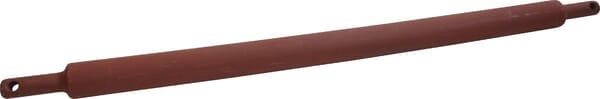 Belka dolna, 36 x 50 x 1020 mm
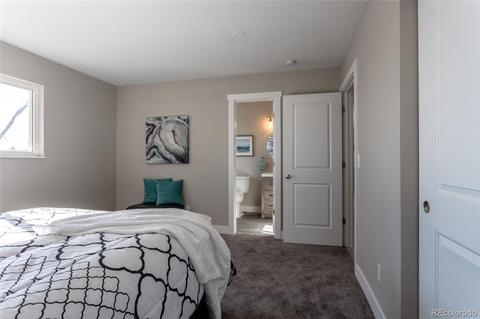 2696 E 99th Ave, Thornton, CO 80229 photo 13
* * *
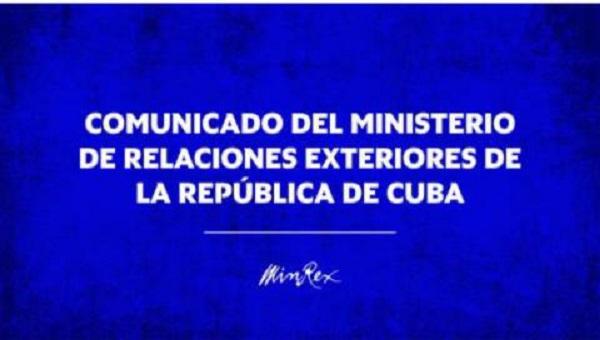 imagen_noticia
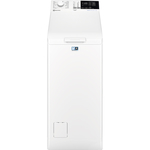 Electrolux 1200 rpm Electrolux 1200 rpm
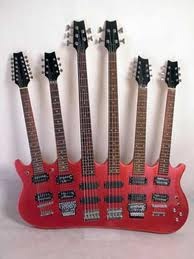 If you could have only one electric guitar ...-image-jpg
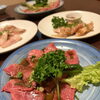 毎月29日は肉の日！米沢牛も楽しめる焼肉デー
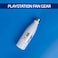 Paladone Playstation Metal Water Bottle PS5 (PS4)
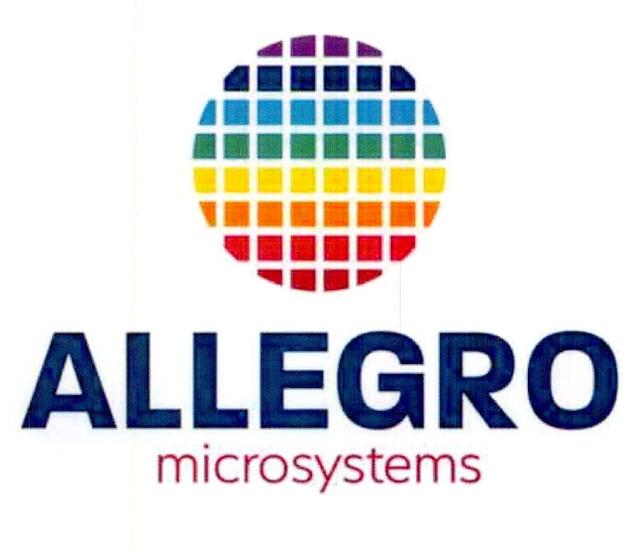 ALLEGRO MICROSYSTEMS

## What you will do
In the data above, find the line with "imagen_noticia" and the line with "ALLEGRO MICROSYSTEMS". Please copy exactly those two lines and every line between them, but not the pictures.

## Solution
 imagen_noticia
 Electrolux 1200 rpm Electrolux 1200 rpm
 If you could have only one electric guitar ...-image-jpg
 毎月29日は肉の日！米沢牛も楽しめる焼肉デー
 Paladone Playstation Metal Water Bottle PS5 (PS4)
 ALLEGRO MICROSYSTEMS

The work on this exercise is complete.